**Activity**
With pictures excluded, output exactly the lines that run from the first line of the data below through the line containing "Relaxed Levi Shorts".
[Opening Records shown section]
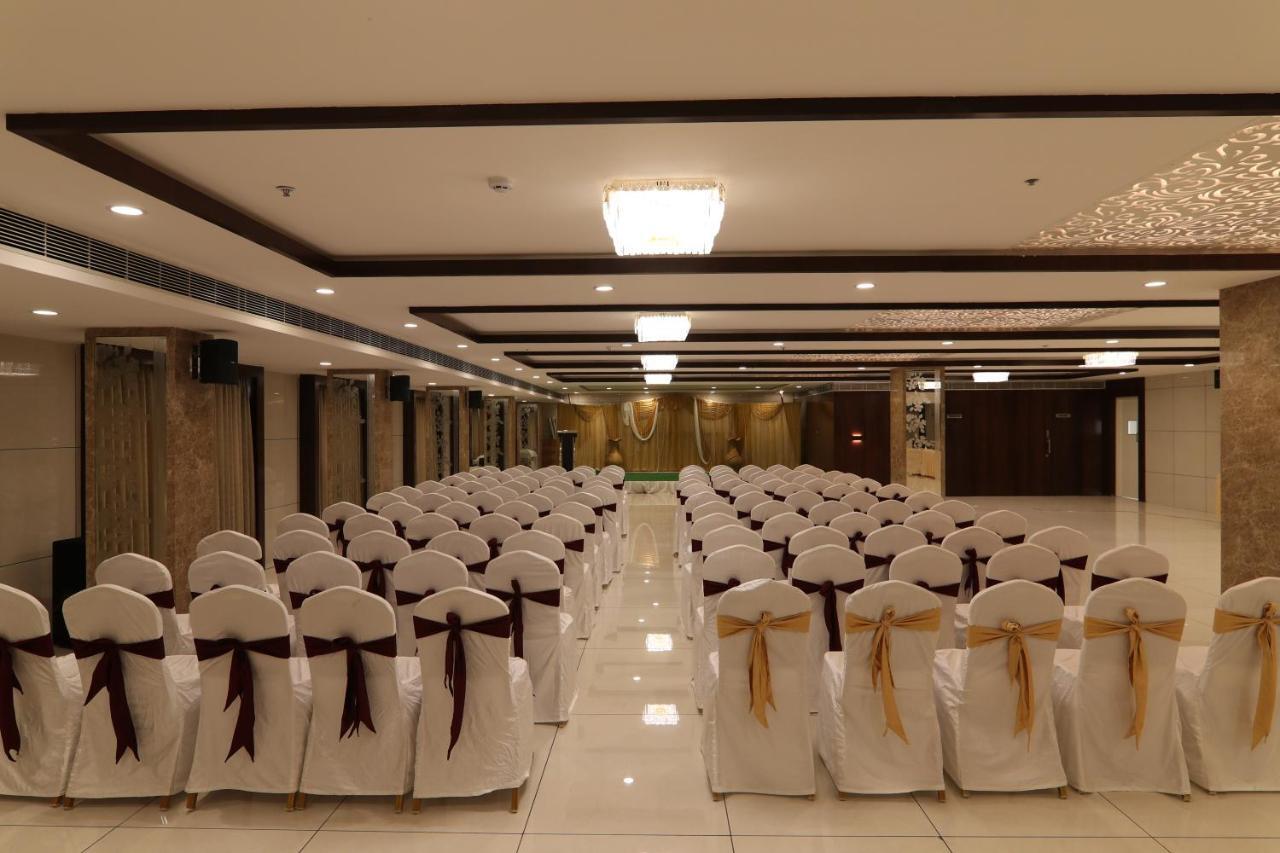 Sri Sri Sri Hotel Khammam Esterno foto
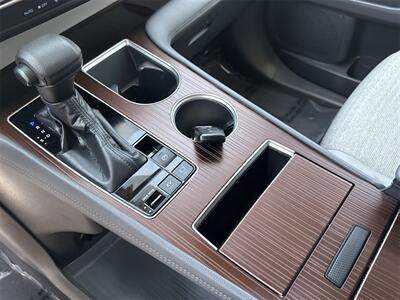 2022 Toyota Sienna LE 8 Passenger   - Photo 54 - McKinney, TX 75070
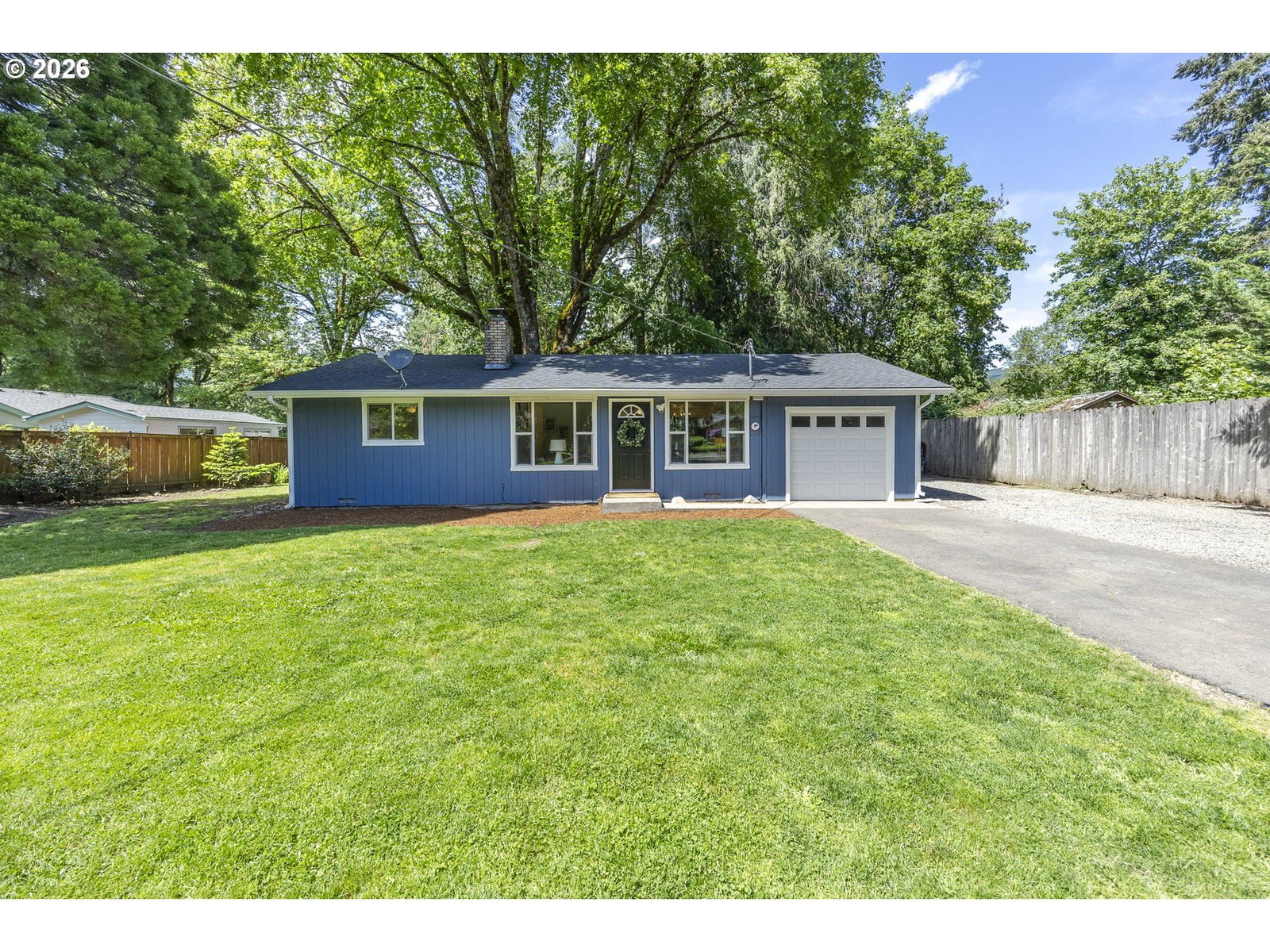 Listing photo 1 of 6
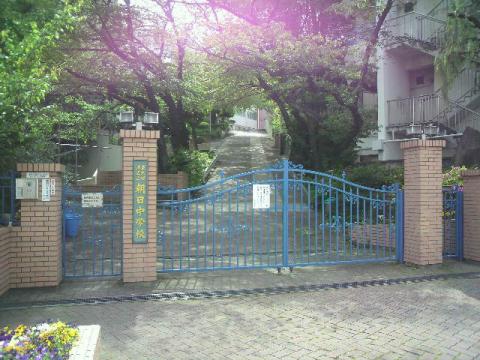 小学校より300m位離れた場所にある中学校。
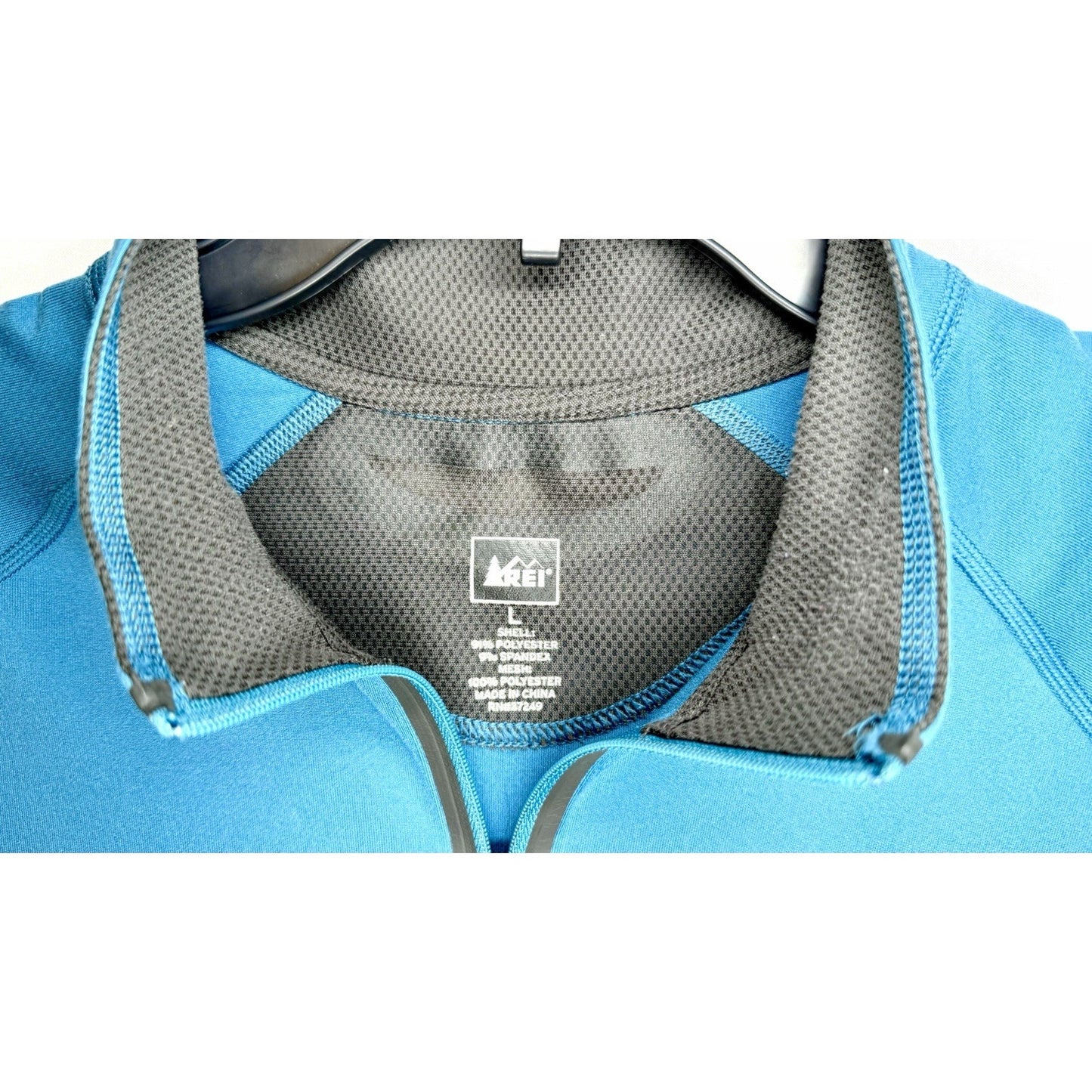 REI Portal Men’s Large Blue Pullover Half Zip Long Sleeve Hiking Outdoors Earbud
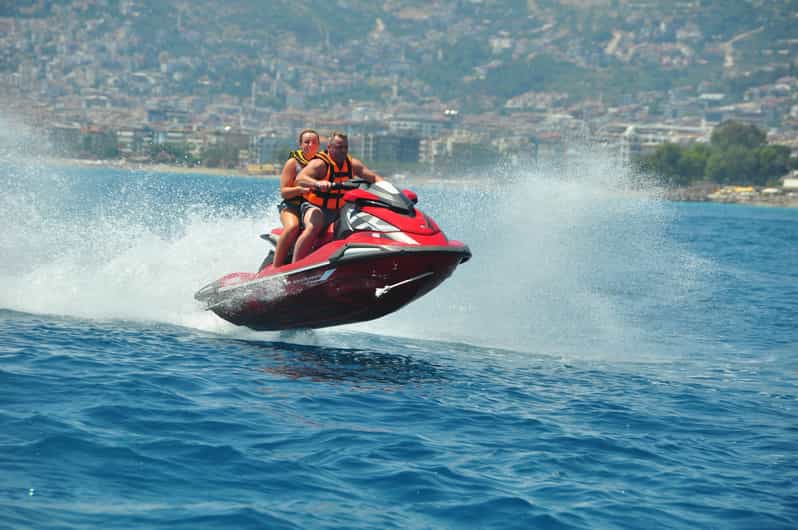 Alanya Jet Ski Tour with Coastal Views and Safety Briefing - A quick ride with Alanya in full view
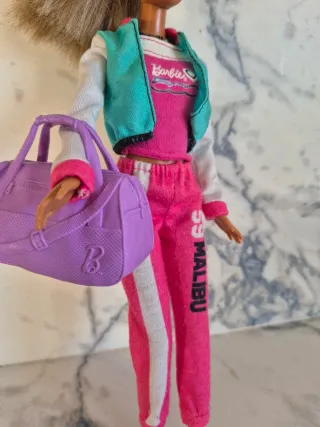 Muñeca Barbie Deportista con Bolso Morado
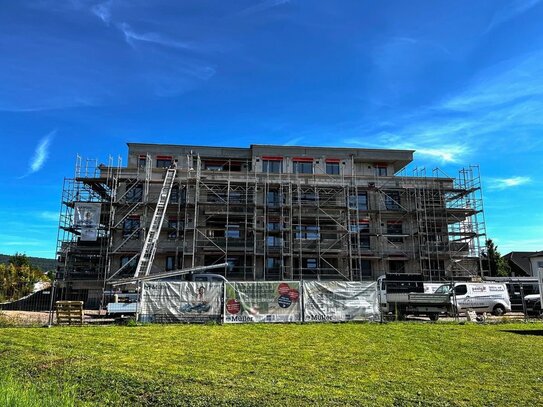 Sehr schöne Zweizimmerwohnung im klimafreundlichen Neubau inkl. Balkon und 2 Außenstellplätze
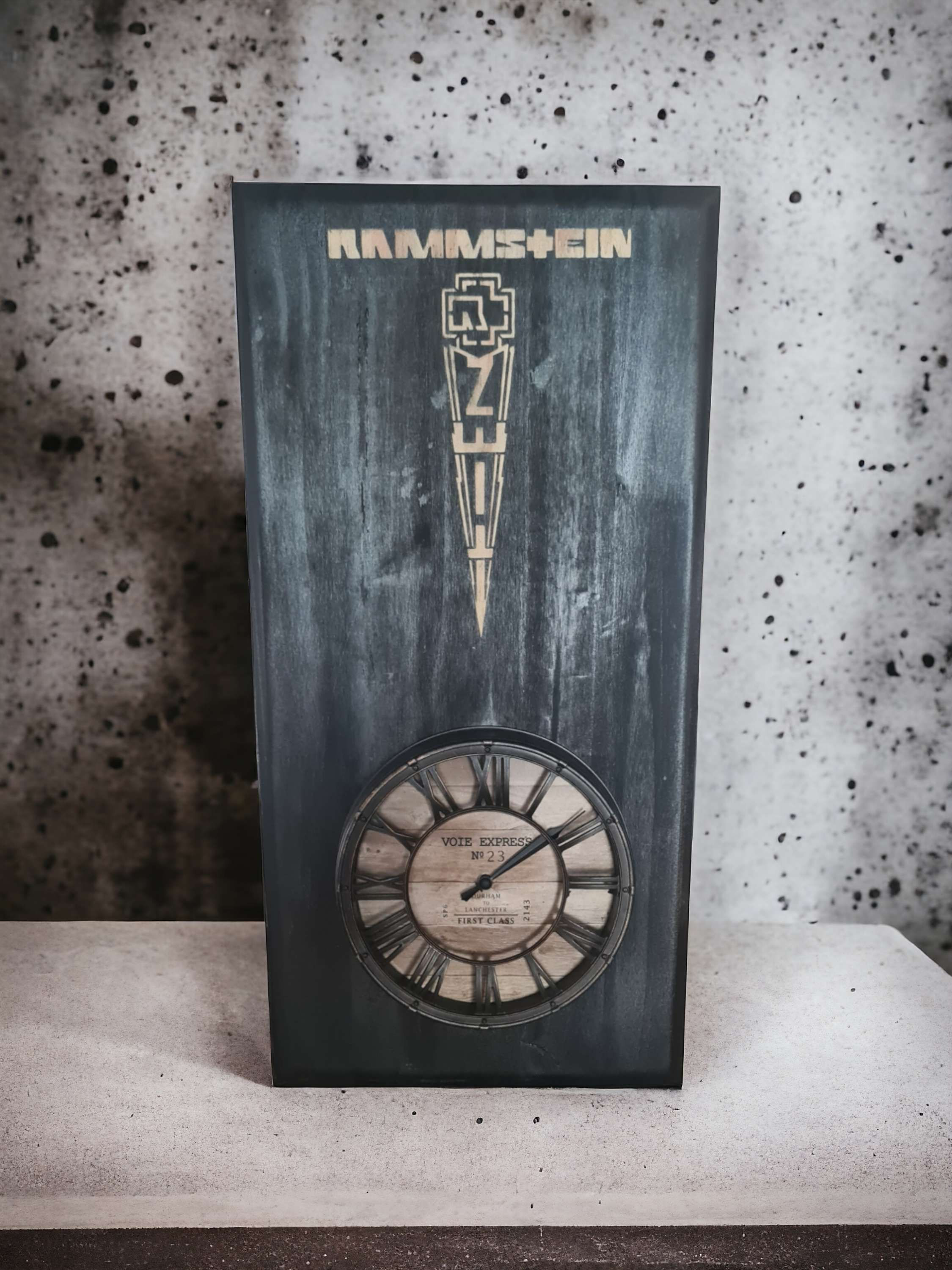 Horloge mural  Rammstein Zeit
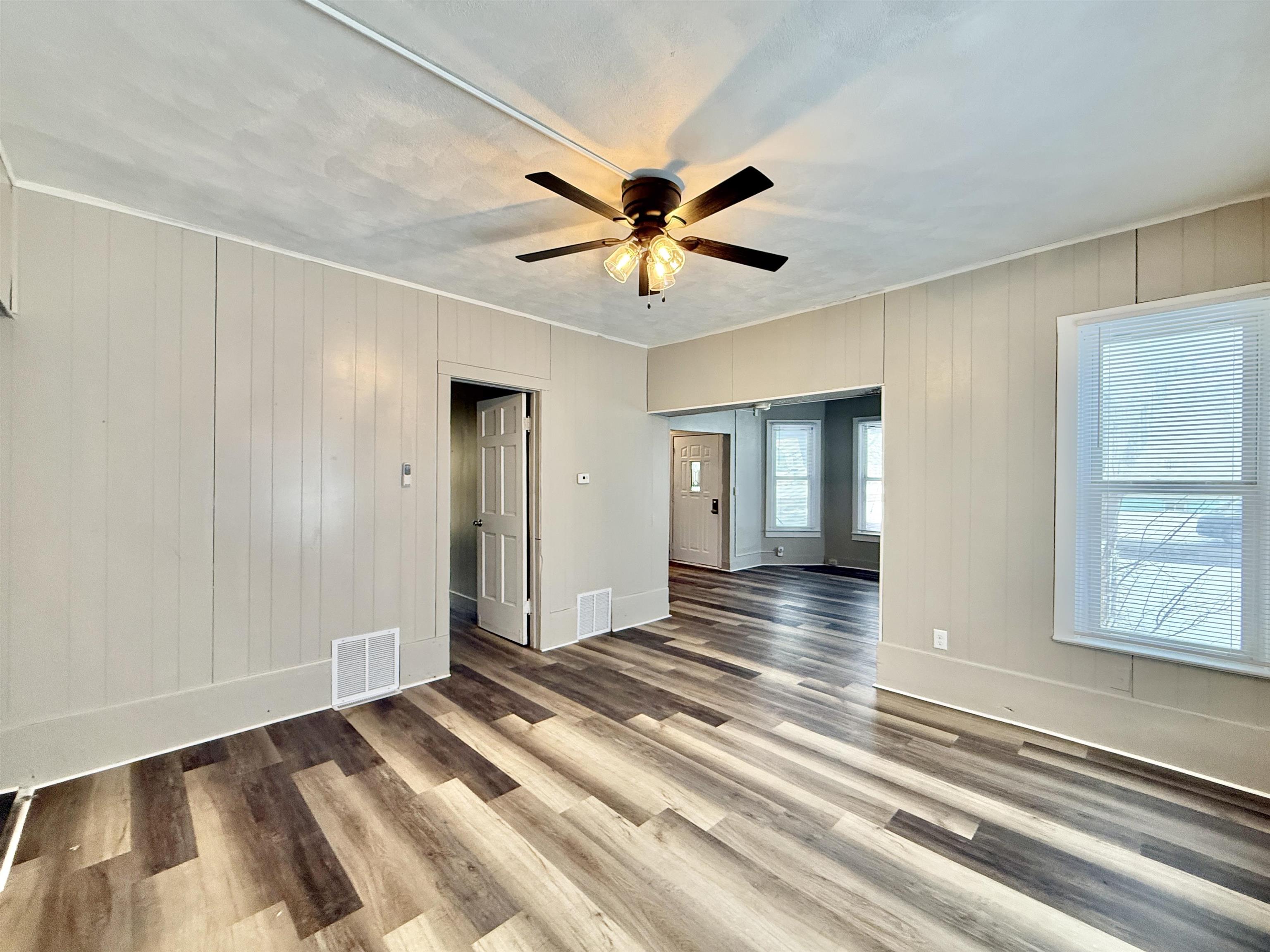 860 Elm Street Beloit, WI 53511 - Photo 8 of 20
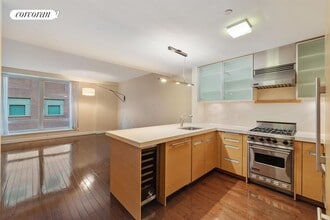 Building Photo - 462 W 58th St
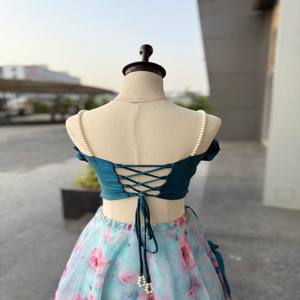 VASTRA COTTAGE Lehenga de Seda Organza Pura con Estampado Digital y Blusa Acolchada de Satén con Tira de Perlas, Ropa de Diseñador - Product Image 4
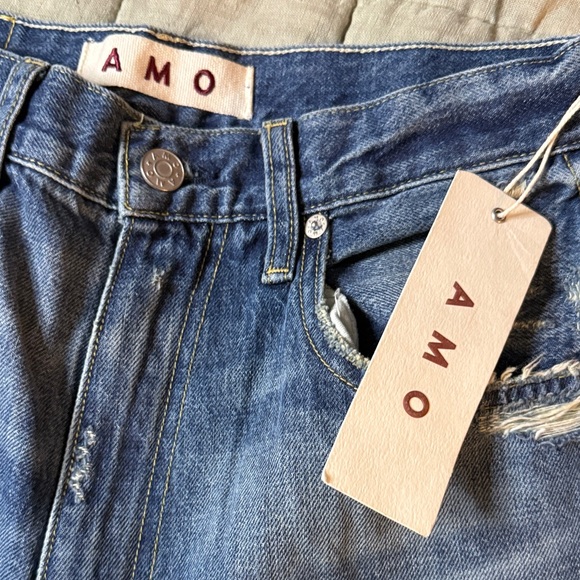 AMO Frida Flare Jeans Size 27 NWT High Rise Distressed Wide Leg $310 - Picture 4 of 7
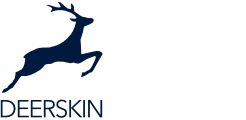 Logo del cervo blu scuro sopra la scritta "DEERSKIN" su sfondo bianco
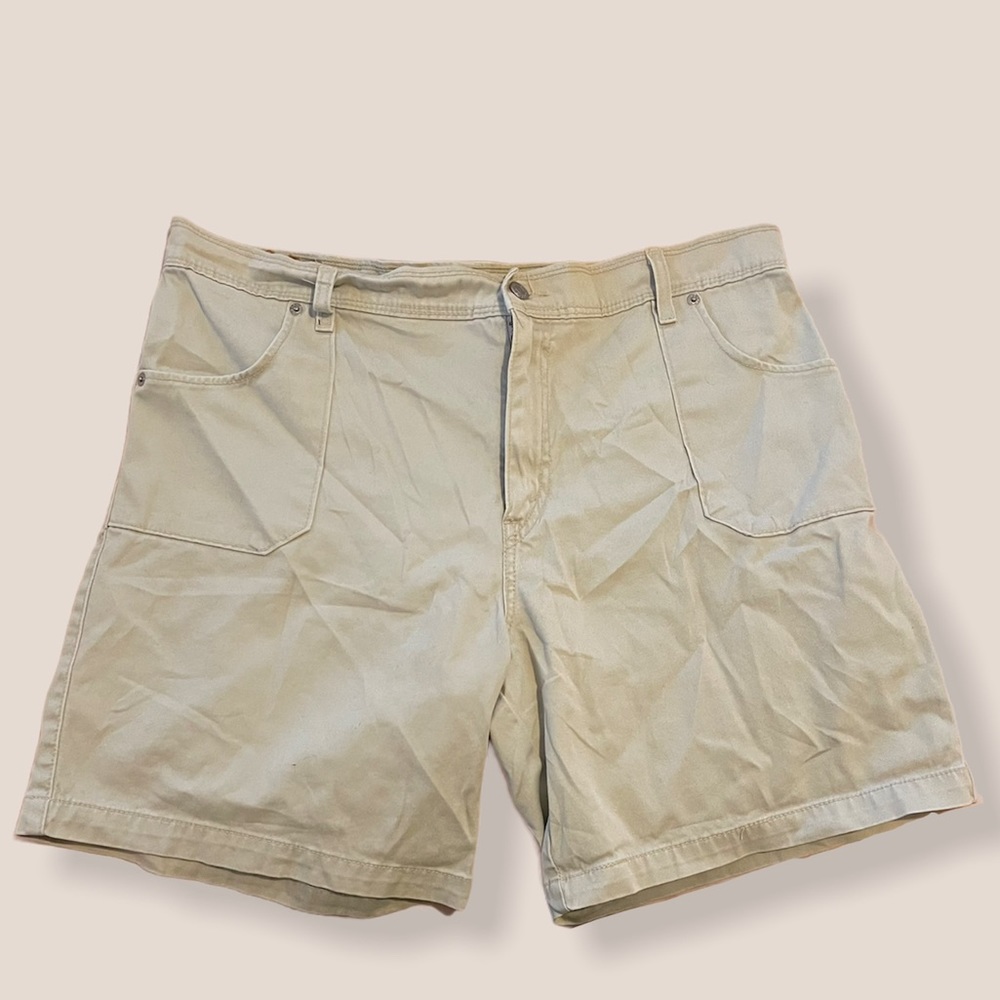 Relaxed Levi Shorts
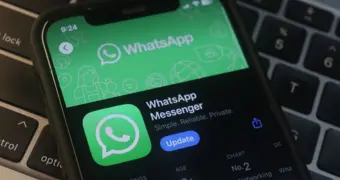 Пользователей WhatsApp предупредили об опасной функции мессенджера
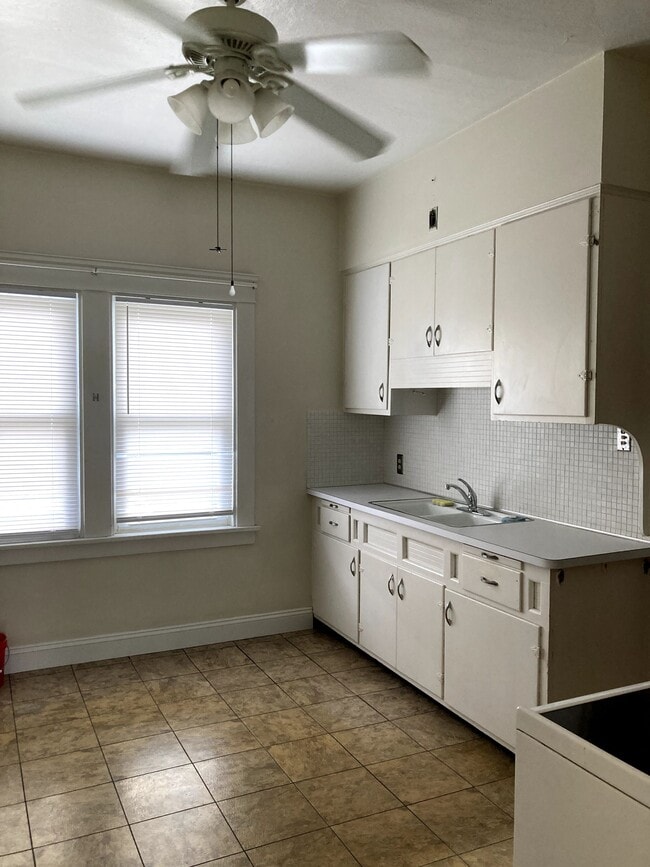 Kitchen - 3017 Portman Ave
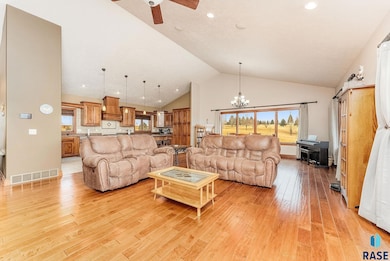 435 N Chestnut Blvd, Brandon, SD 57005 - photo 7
[Closing Records shown section]
**Finished task**
 Sri Sri Sri Hotel Khammam Esterno foto
 2022 Toyota Sienna LE 8 Passenger   - Photo 54 - McKinney, TX 75070
 Listing photo 1 of 6
 小学校より300m位離れた場所にある中学校。
 REI Portal Men’s Large Blue Pullover Half Zip Long Sleeve Hiking Outdoors Earbud
 Alanya Jet Ski Tour with Coastal Views and Safety Briefing - A quick ride with Alanya in full view
 Muñeca Barbie Deportista con Bolso Morado
 Sehr schöne Zweizimmerwohnung im klimafreundlichen Neubau inkl. Balkon und 2 Außenstellplätze
 Horloge mural  Rammstein Zeit
 860 Elm Street Beloit, WI 53511 - Photo 8 of 20
 Building Photo - 462 W 58th St
 VASTRA COTTAGE Lehenga de Seda Organza Pura con Estampado Digital y Blusa Acolchada de Satén con Tira de Perlas, Ropa de Diseñador - Product Image 4
 AMO Frida Flare Jeans Size 27 NWT High Rise Distressed Wide Leg $310 - Picture 4 of 7
 Logo del cervo blu scuro sopra la scritta "DEERSKIN" su sfondo bianco
 Relaxed Levi Shorts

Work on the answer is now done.